As people age, the heart tends to enlarge slightly, developing thicker walls and slightly larger chambers. The increase in size is mainly due to an increase in the size of individual heart muscle cells. The age-related stiffening of the heart walls causes the left ventricle to not fill as well and can sometimes lead to heart failure (called diastolic heart failure or heart failure with preserved ejection fraction), especially in older people with other diseases such as high blood pressure, obesity, and diabetes.
During rest, the older heart functions in almost the same way as a younger heart, except the heart rate (number of times the heart beats within a minute) is slightly lower. Also, during exercise, older people's heart rate does not increase as much as in younger people.

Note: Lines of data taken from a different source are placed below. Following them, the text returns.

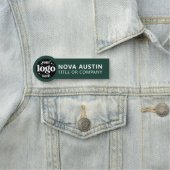 プロフェッショナル会社ロゴ従業員の磁気またはピン 名札 (インサイチュ)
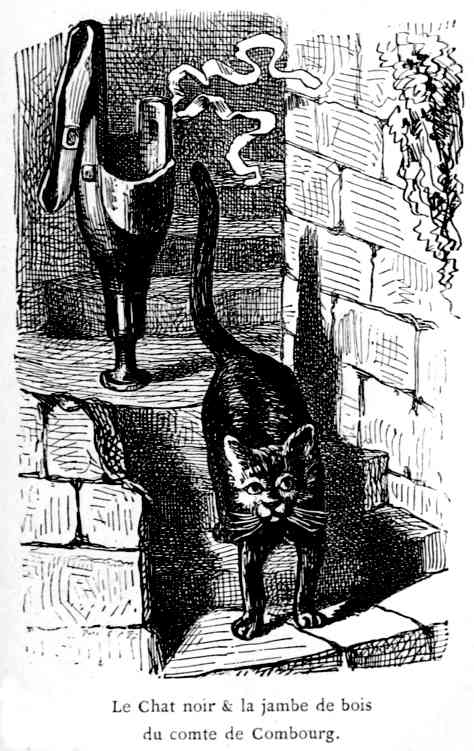 Le Chat noir & la jambe de bois du comte de Combourg.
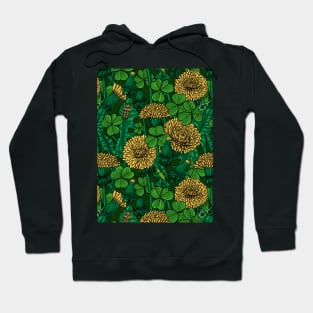 The meadow in green and yellow Hoodie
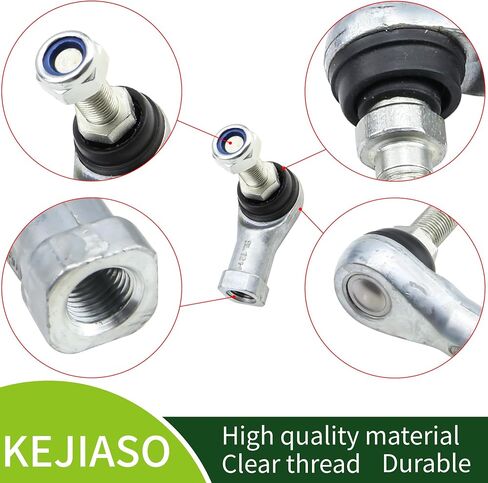Golf Cart Outer Tie Rod End Kit for Yamaha G22, G27, G29/Drive 2003-Up, 2 Packs Ball Joint, Replaces JU0-F3841-00, JU0-F3841-00-00 in Saudi Arabia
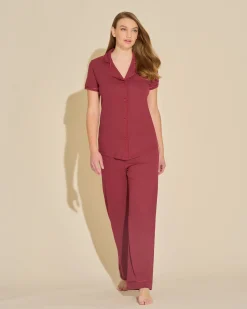 Bella Short Sleeve Top & Pant Pajama Set*Cosabella Flash Sale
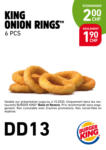 Burger King Burger King Bons - au 04.10.2020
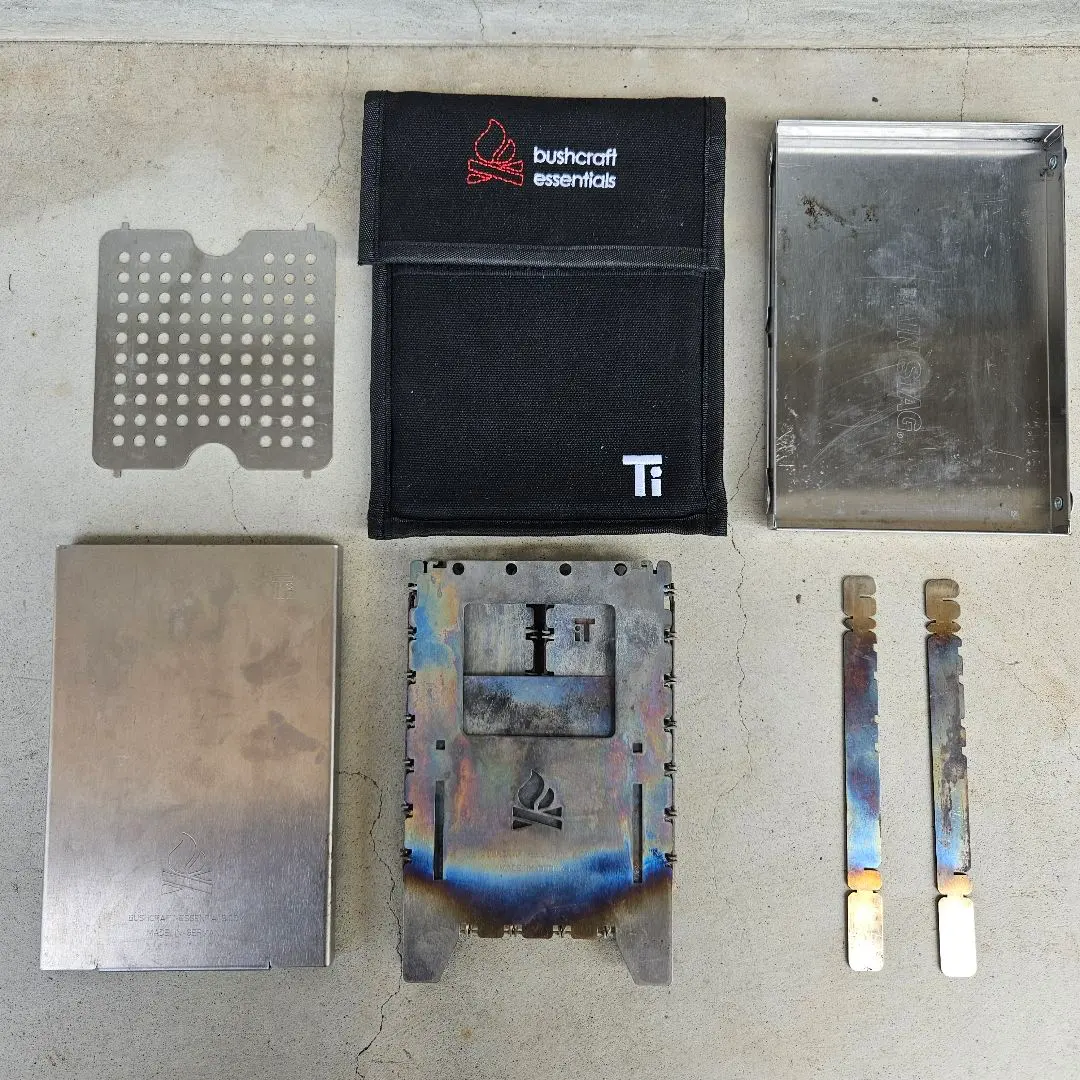 ブッシュボックス XL ステンレス　元箱有　収納袋有　取説有　おまけ付 Amazon | Bushcraft Essentials アウトドアクッカー ブッシュ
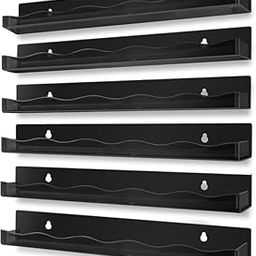 Plexify Nail Polish Rack Wall Mounted Black Acrylic Display Shelves with End Caps Gel Polish, Paints, Essential Oils – Organizer for Nail Techs, Salons, Art Studios (Pack of - 2)-image-18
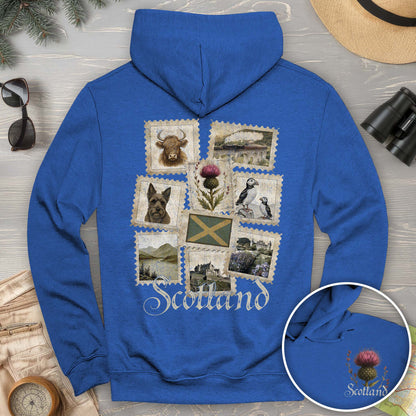 Scotland Vintage Stamps Hoodie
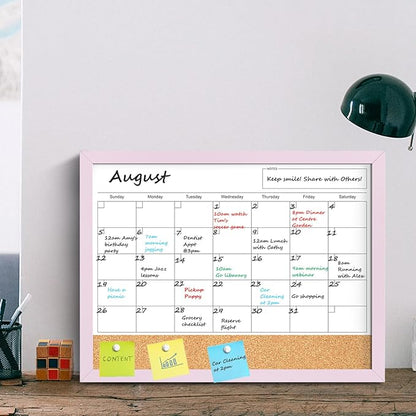Dry Erase Calendar Cork Board Combo, 18x24 Inches Calendar Whiteboard - Image 8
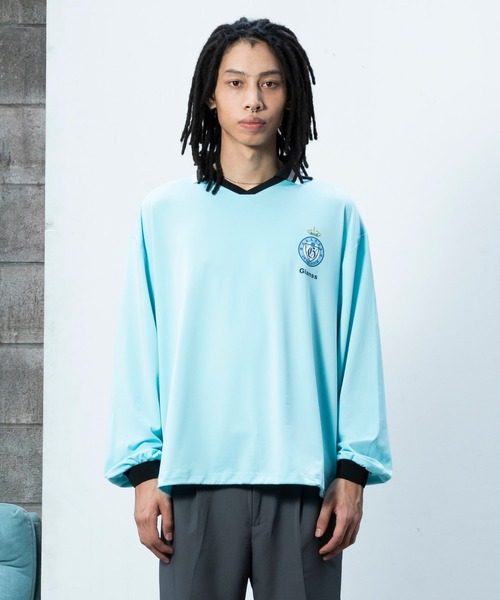 Glanss(グランス)の「glanss game shirts / ゲームユニフォームTシャツ 裾ドローコード付【ユニセックス】(Tシャツ/カットソー・メンズ・ブラック/グレー/ブルー・1/2)」の15枚目の写真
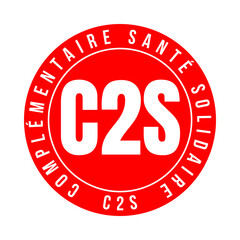 Symbole C2S complémentaire santé solidaire	en France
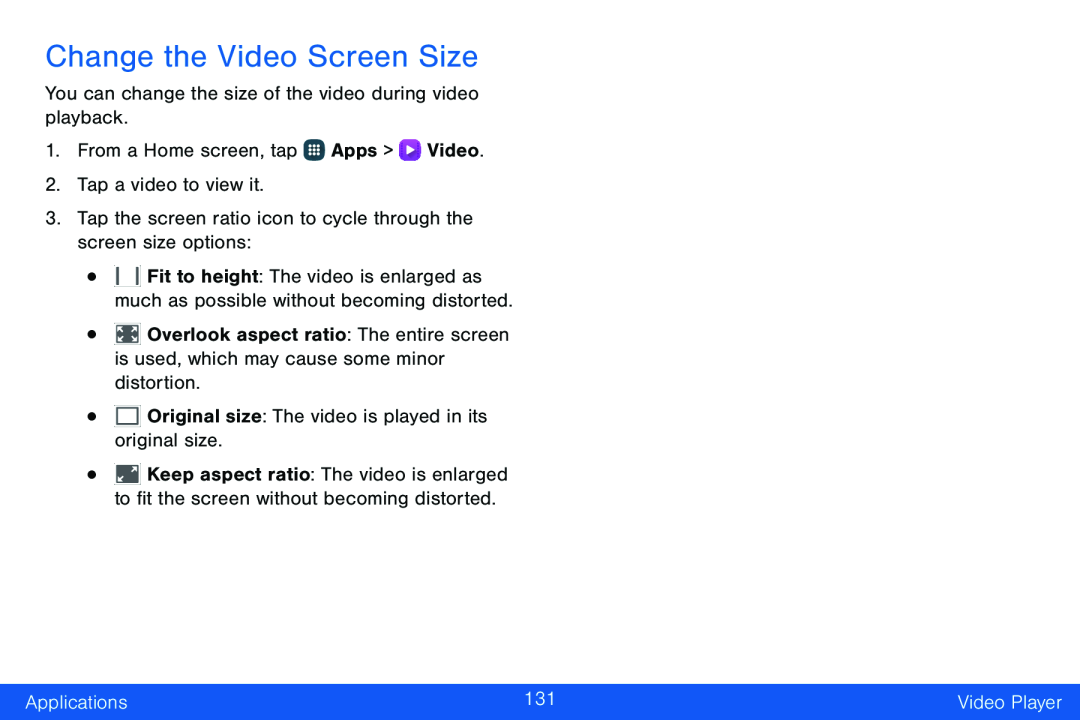 Change the Video Screen Size Galaxy Note Edge Verizon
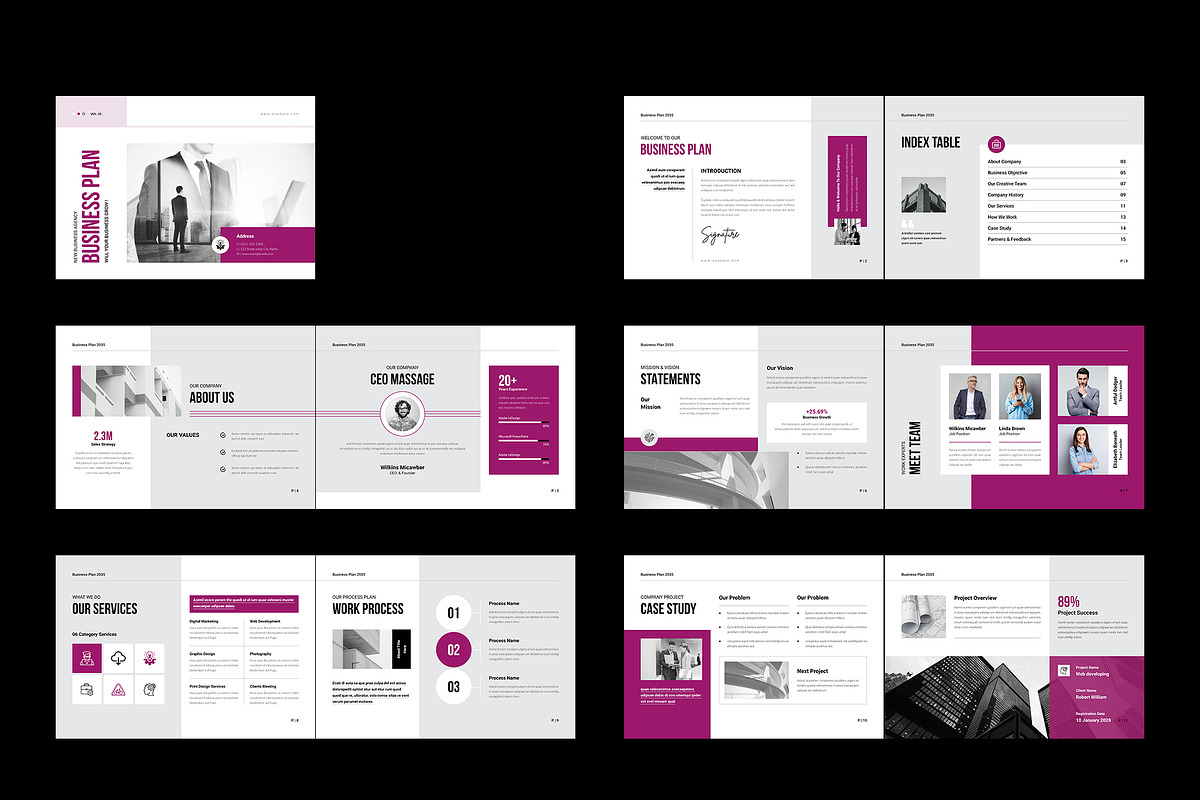 Business Plan Landscape Template, a Brochure Template by NorthPeak (Photo 8 of 9)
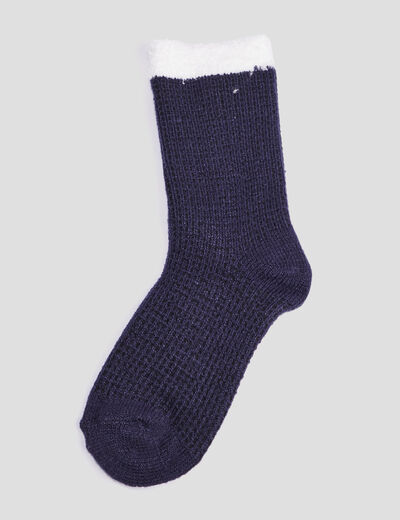 Chaussettes d'intérieur multicolore femme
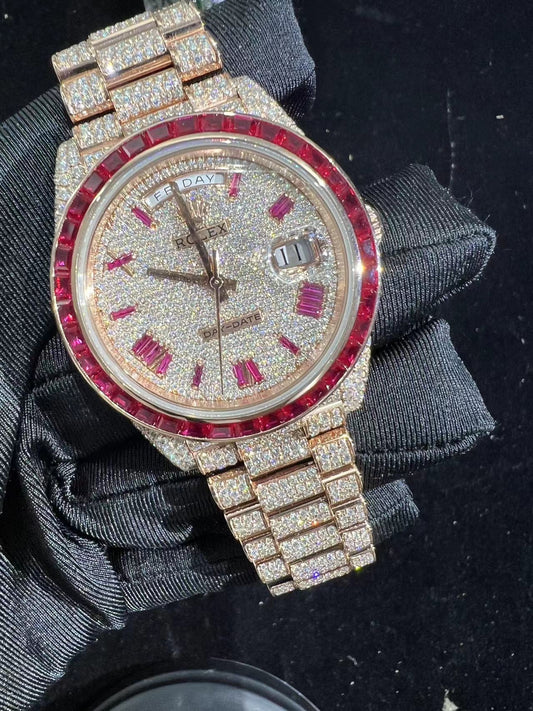 MOISSANITE ROLEX DAY DATE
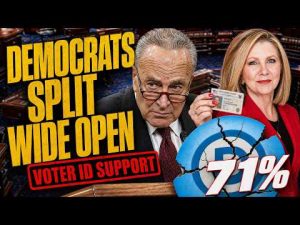 Read more about the article Chuck Schumer just split Democrats wide open on voter ID, and 71% makes this brutal on camera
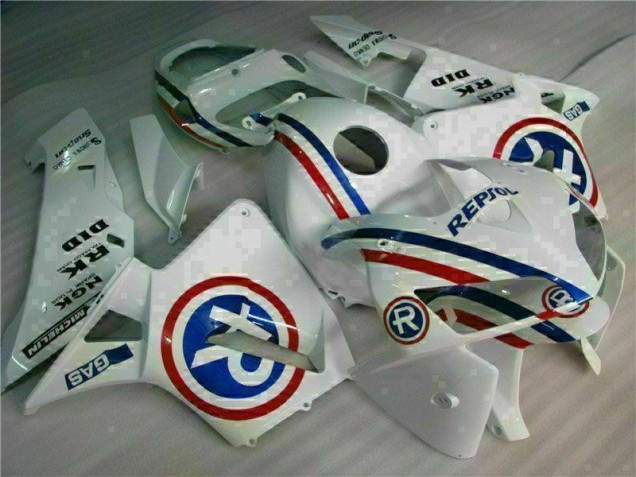 2005-2006 White Honda CBR600RR Bike Fairings 2005-2006 White Honda CBR600RR Bike Fairings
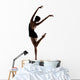 Female Ballet Dancer Wall Decal Design 1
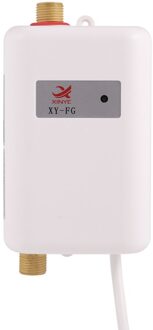 3800W Mini Boiler Miniatuur Water Warmte Kraan Elektrische Voor Keuken Wasbak Badkamer Met Au Plug (Zwart) wit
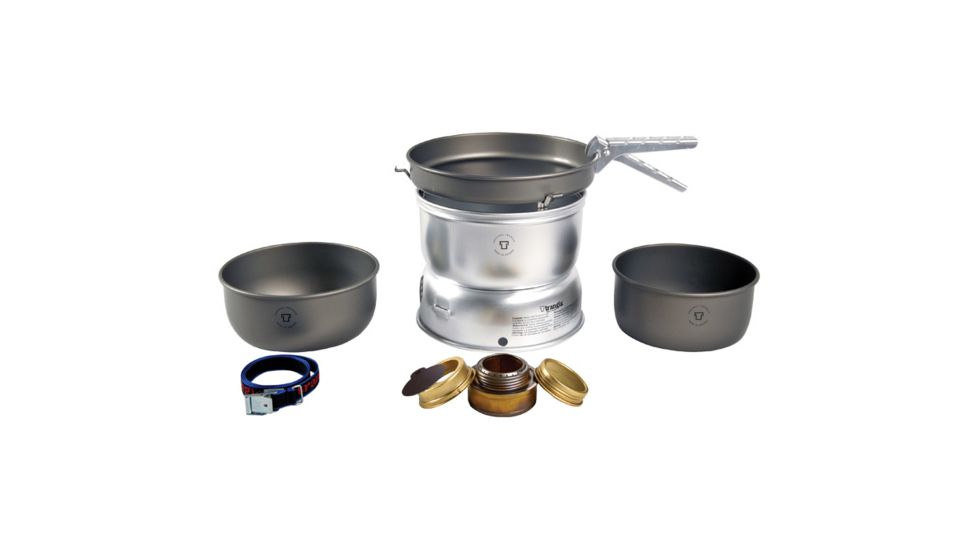Trangia 25-7 Ultralight Hard Anodized Stove Kit with Gas Burner 167257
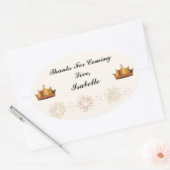 Rapunzel Party Dank u Sticker (Envelop)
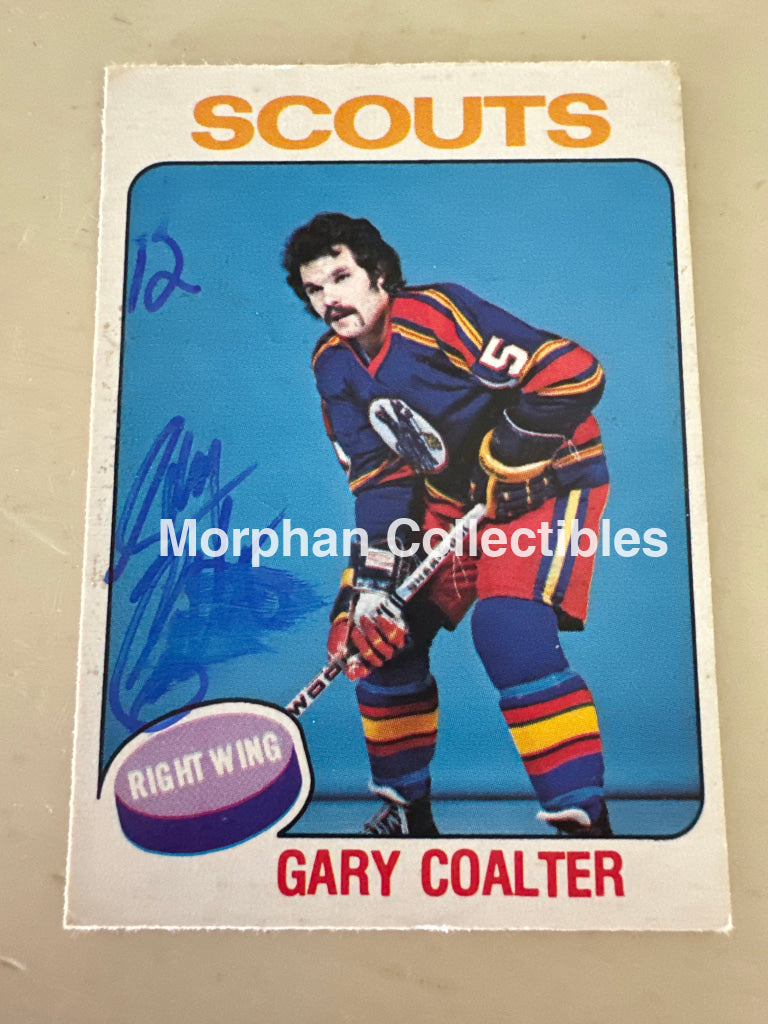 Gary Coalter - Autographed Card - 1975-76 OPC smear Card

The walls of the arteries and arterioles become thicker, and the space within the arteries expands slightly. Elastic tissue within the walls of the arteries and arterioles is lost. Together, these changes make the vessels stiffer and less resilient. Since the arteries and arterioles are less elastic, blood pressure cannot adjust quickly when people stand, and older people are at risk for dizziness or in some cases fainting when they stand up suddenly.
Because arteries and arterioles become less elastic as people age, they cannot relax as quickly during the rhythmic pumping of the heart. As a result, blood pressure increases more when the heart contracts (during systole)—sometimes above normal—than it does in younger people. Abnormally high blood pressure during systole with normal blood pressure during diastole is very common among older people. This disorder is called isolated systolic hypertension.
Many of the effects of aging on the heart and blood vessels can be reduced by regular exercise. Exercise helps people maintain cardiovascular fitness as well as muscular fitness as they age. Exercise is beneficial regardless of the age at which it is started.